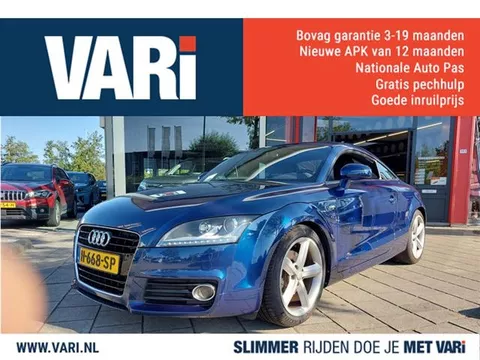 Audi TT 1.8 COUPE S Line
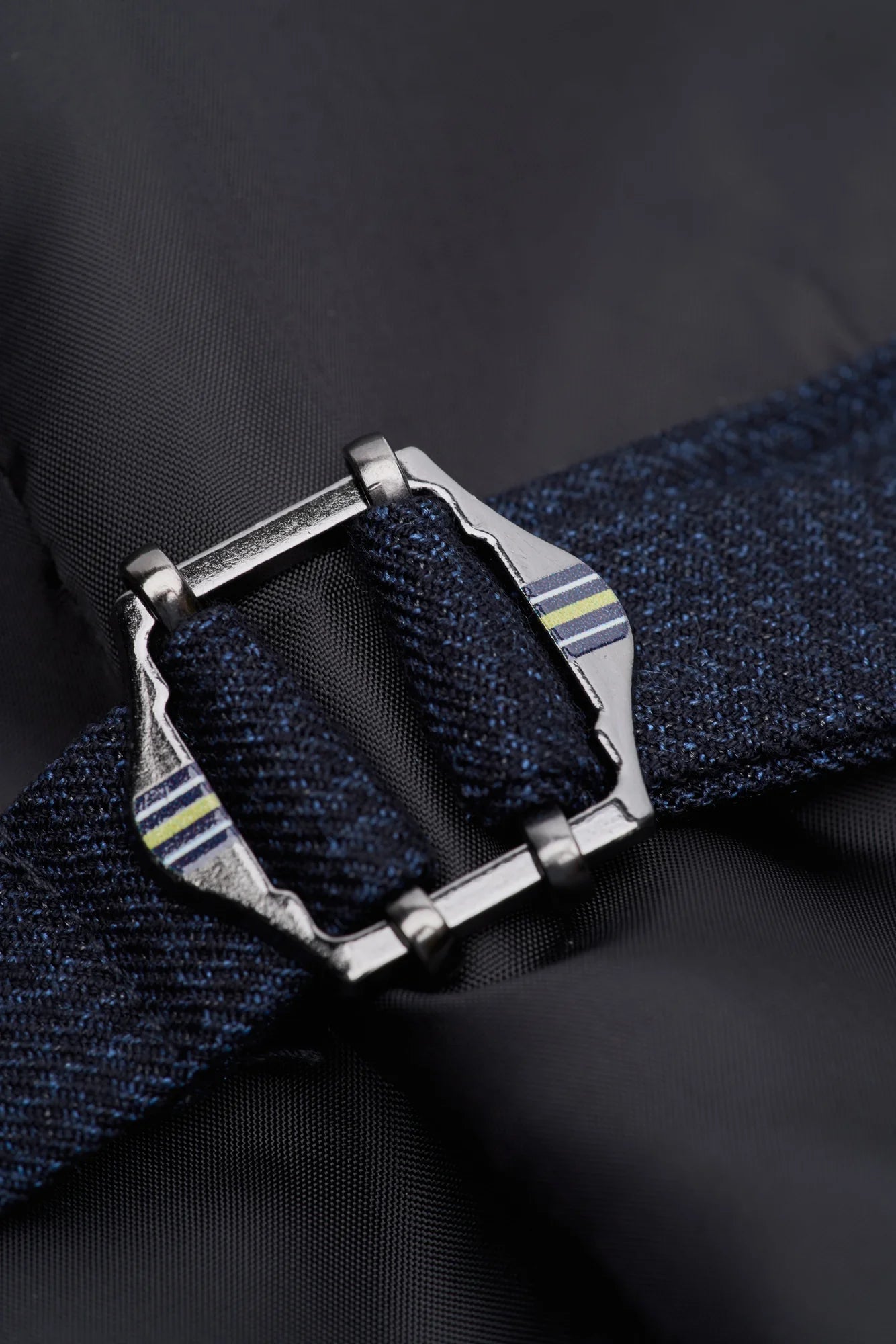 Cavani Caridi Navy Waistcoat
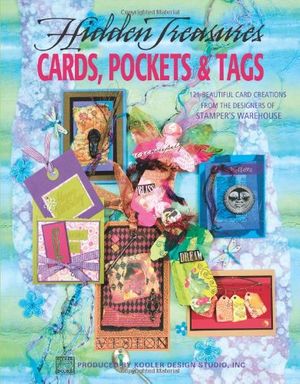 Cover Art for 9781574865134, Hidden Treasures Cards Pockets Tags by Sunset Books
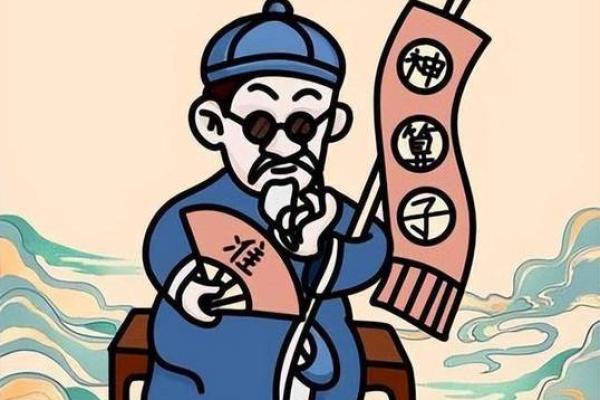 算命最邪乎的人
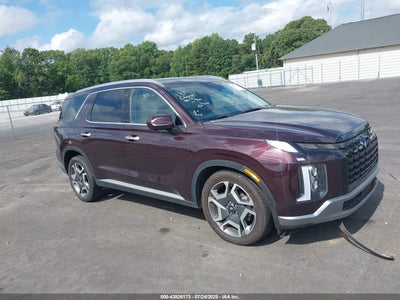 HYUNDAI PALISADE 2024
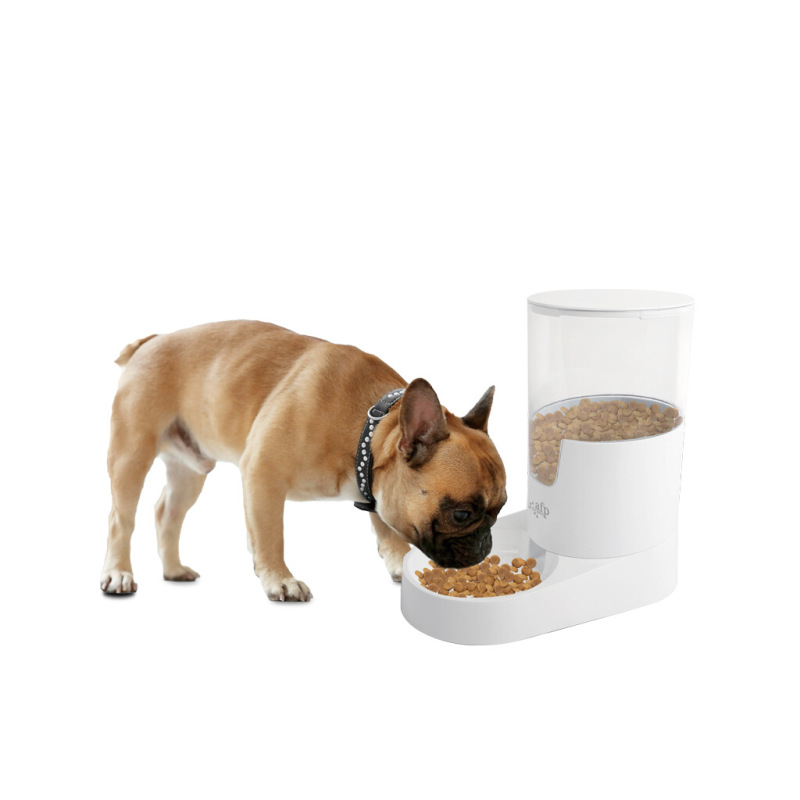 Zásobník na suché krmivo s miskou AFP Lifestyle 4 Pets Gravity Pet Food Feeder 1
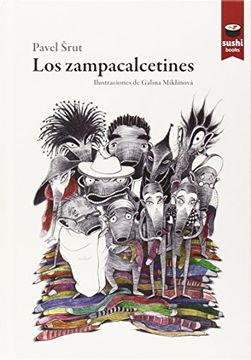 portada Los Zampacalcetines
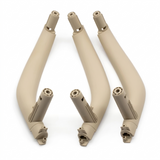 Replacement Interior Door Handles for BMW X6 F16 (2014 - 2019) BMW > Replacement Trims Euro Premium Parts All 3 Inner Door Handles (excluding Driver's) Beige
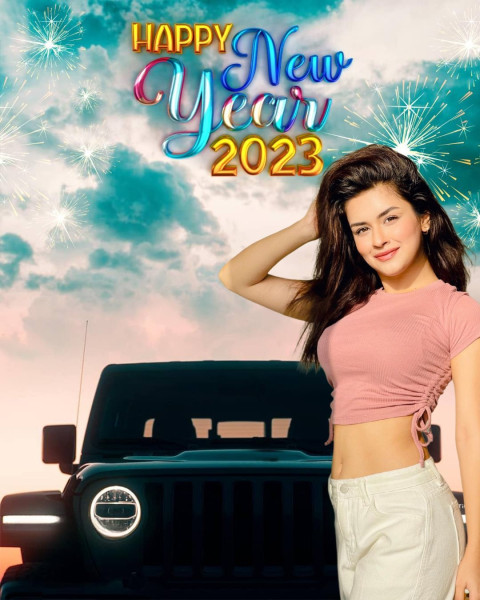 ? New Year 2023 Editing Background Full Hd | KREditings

◆ Activity
Would you please reproduce verbatim the run of lines that opens the listing and ends with the line holding "Replacement Interior Door", and only that run, leaving every picture out?

◆ Output below
 Audi TT 1.8 COUPE S Line
 Cavani Caridi Navy Waistcoat
 Cover Art for 9781574865134, Hidden Treasures Cards Pockets Tags by Sunset Books
 算命最邪乎的人
 HYUNDAI PALISADE 2024
 Zásobník na suché krmivo s miskou AFP Lifestyle 4 Pets Gravity Pet Food Feeder 1
 portada Los Zampacalcetines
 Replacement Interior Door Handles for BMW X6 F16 (2014 - 2019) BMW > Replacement Trims Euro Premium Parts All 3 Inner Door Handles (excluding Driver's) Beige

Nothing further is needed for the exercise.